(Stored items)
◆ ◆ ◆ ◆

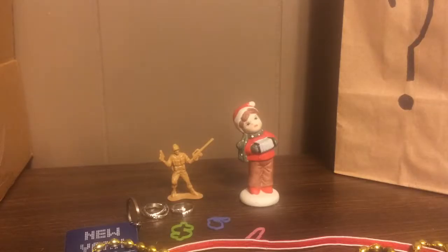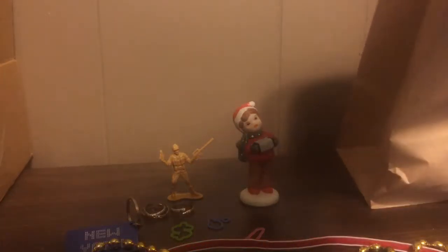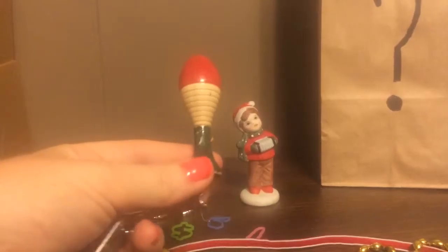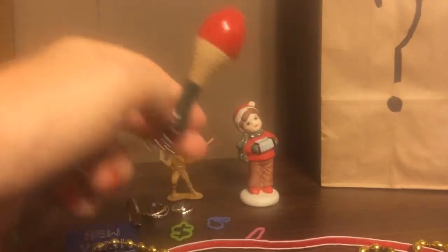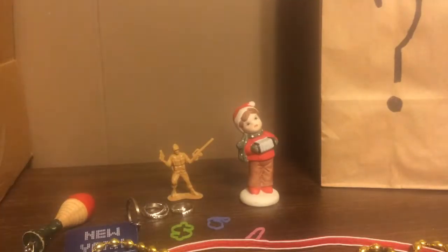We also found a surprise treasure. This one is a travel book. This one is a wooden maraca — it doesn't shake though. It's called Shake Your Booty, and I will put the code for that in the description.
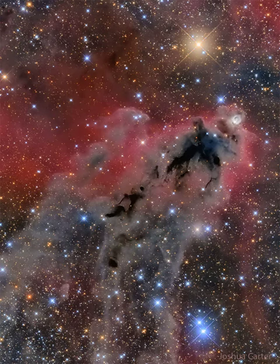LDN 1622 lies near the plane of our Milky Way galaxy, close on the sky to Barnard's Loop — a large cloud surrounding the rich complex of emission nebulae found in the Belt and Sword of Orion.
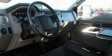This truck's powertrain features a 6.4-liter 8-cylinder engine and an automatic transmission.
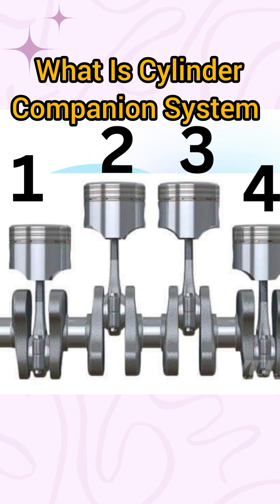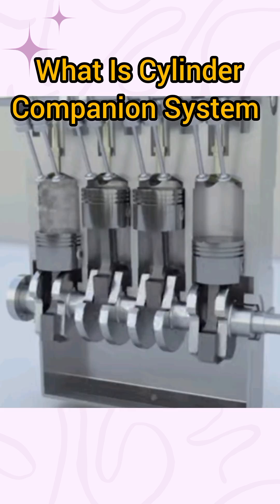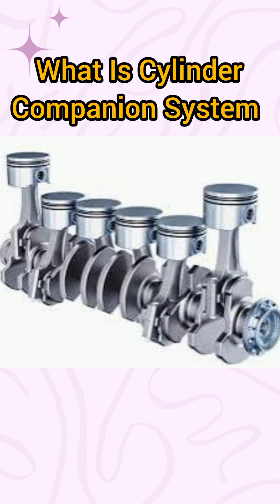While number two and number three are always at the same position. In a six cylinder engine, you also have cylinder number one and six at the same position, and cylinder number two and five at the same position.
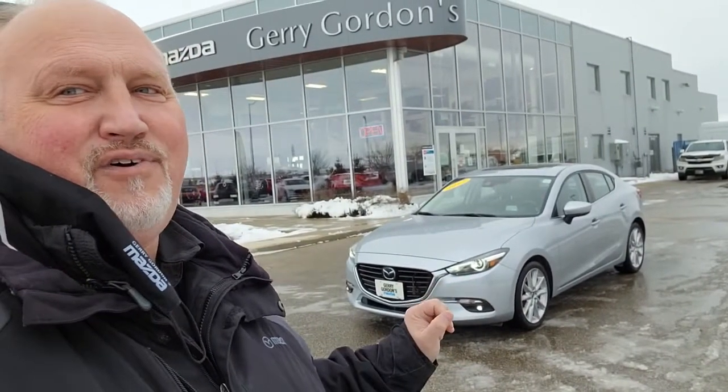Hello everyone, Dave Halleck here at Jerry Gordon's Mazda in the pre-owned selection with this just-acquired 2017 Mazda 3 GT sedan. It's in Sonic Silver Metallic, it's got LED headlights and fog lights, and it's a manual transmission. Let's have a better look at it.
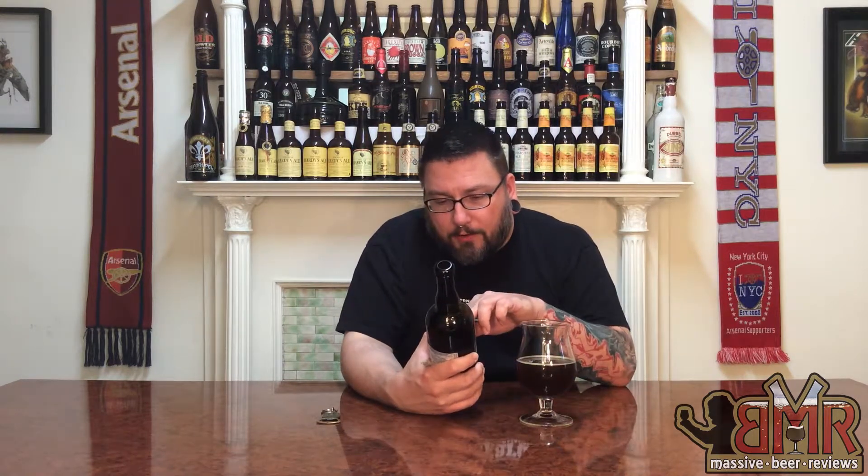If you see this floating around — actually, based off this one beer, if you see anything by Brewery Caracole, spelled C-A-R-A-C-O-L-E, I would give it a whirl based off how good this is. If you see this specific version, Nostradamus — listed as Belgian brown ale but more of a quad-style — definitely give it a whirl, especially at the price point. Fantastic beer.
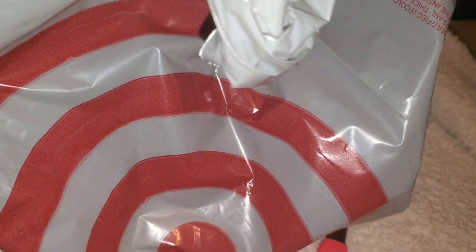Hi friends, welcome back to my channel. I just wanted to do a Target haul with you guys — it's just a small tiny haul. I stopped in for some dish soap, which I already put away.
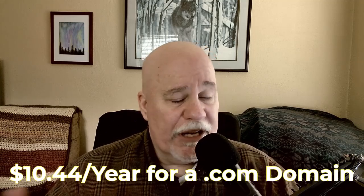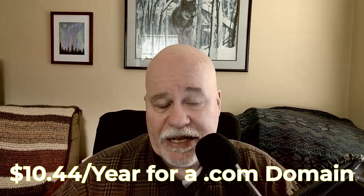So why Cloudflare? Number one, as I said at the top: cost. It's $10.44 a year for a dot-com address. Other top-level domains — TLDs — have different pricing; some are $25, $30, they get pretty expensive. Luckily dot-com is the most common one. If you can find the domain name you want as a dot-com, that's the one you want to go with, and it's pretty reasonably priced.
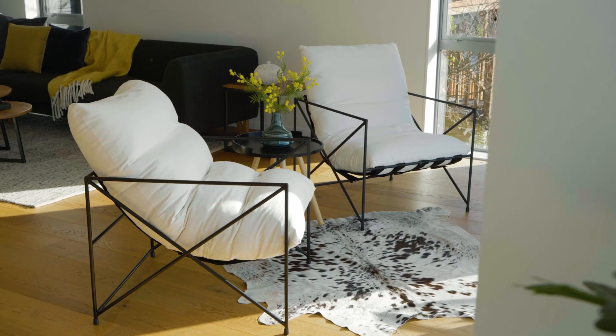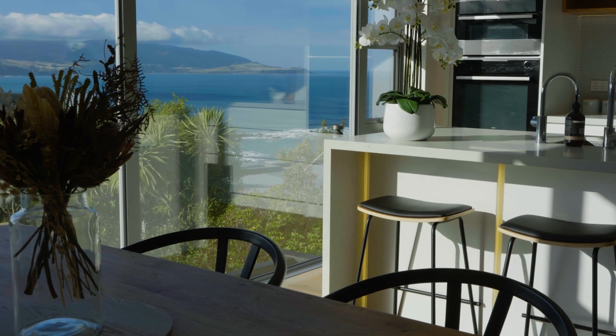If a stylish, modern home with spectacular South Coast views is on your wish list, then we've got that and so much more on offer here at 191 Buckley Road in Southgate.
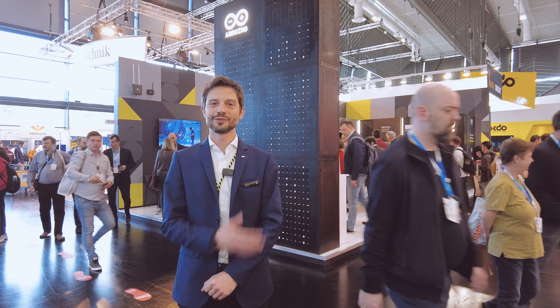Hello OkDoo people, welcome to the Arduino booth at Embedded World 2024. Follow me, I'll show you around.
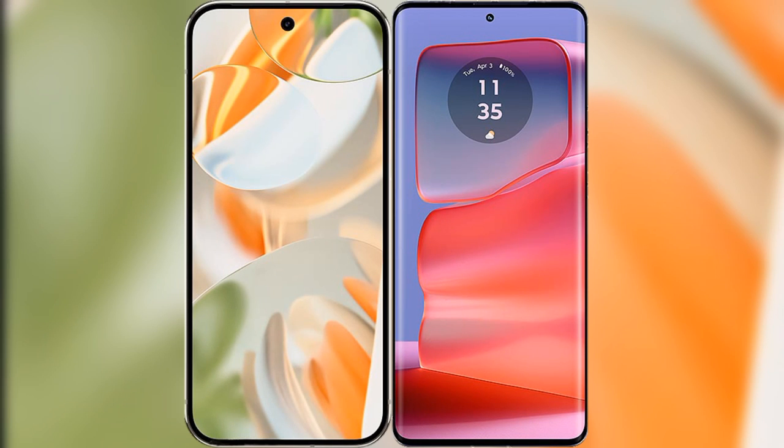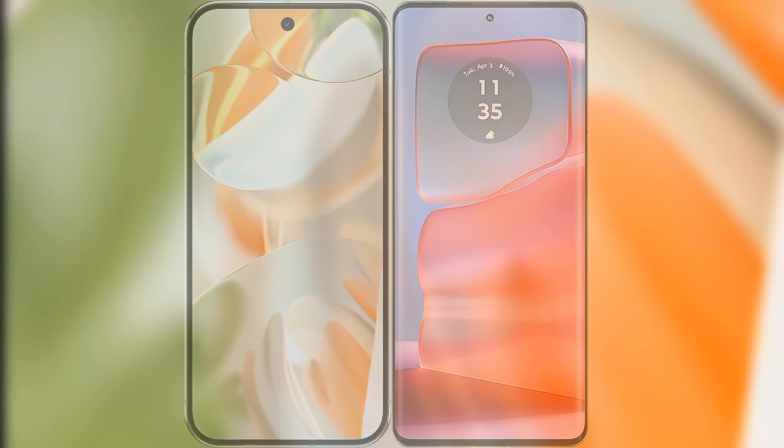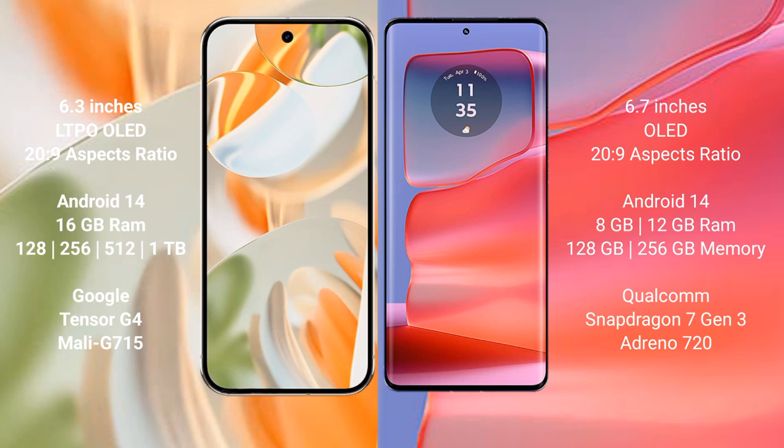I will compare the new Google Pixel 9 Pro with the Motorola Edge 50 Pro. The Google Pixel 9 Pro features a 6.3-inch LTPO display with Corning Gorilla Glass protection. The Motorola Edge 50 Pro features a 6.7-inch LTPO display, also with Gorilla Glass protection.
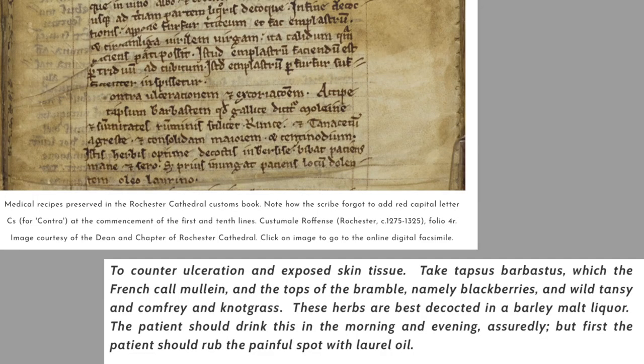Interestingly, this recipe describes something that would be drunk. It says to take tapsus barbatus — which the French call mullein — and the tops of bramble, namely blackberries, and wild tansy, and comfrey, and knotgrass. These herbs are decocted in a barley malt liquor. The patient should drink this in the morning and evening, but first rub the painful spot with laurel oil. Barley malt liquor would be very similar to Guinness, and the Priory employed brewers to make ale, so it was easily accessible — a form of tincture or infusion.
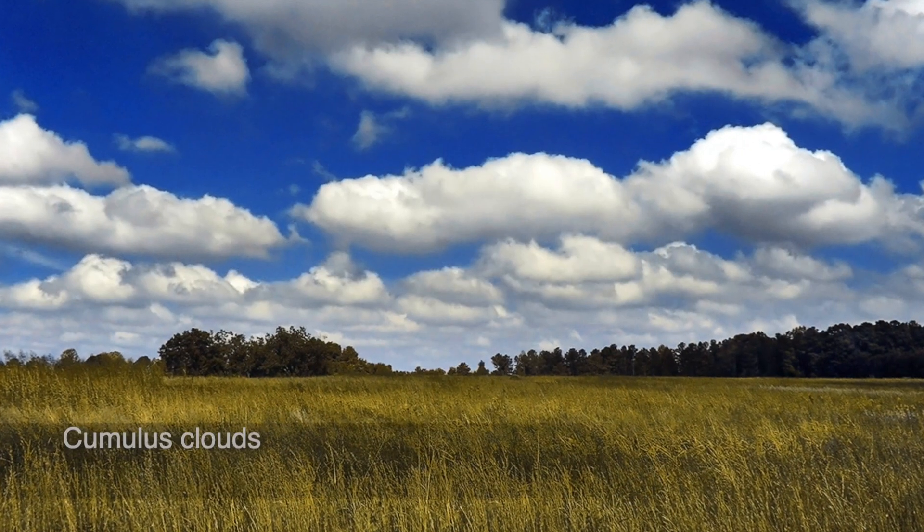Cirrocumulus clouds tell us that there may be cold weather coming our way. My favourite types of clouds are cumulus clouds. These clouds form only about 3 km high in the sky. Cumulus clouds are white and fluffy like big balls of cotton, and they're found only on bright sunny days.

◆ ◆ ◆ ◆

[What needs to be done] Every line above between the one containing "Hello OkDoo people, welcome" and the one containing "I will compare", those two included, is to be printed exactly. No pictures go into the copy.

[Solution for this exercise]
Hello OkDoo people, welcome to the Arduino booth at Embedded World 2024. Follow me, I'll show you around.
I will compare the new Google Pixel 9 Pro with the Motorola Edge 50 Pro. The Google Pixel 9 Pro features a 6.3-inch LTPO display with Corning Gorilla Glass protection. The Motorola Edge 50 Pro features a 6.7-inch LTPO display, also with Gorilla Glass protection.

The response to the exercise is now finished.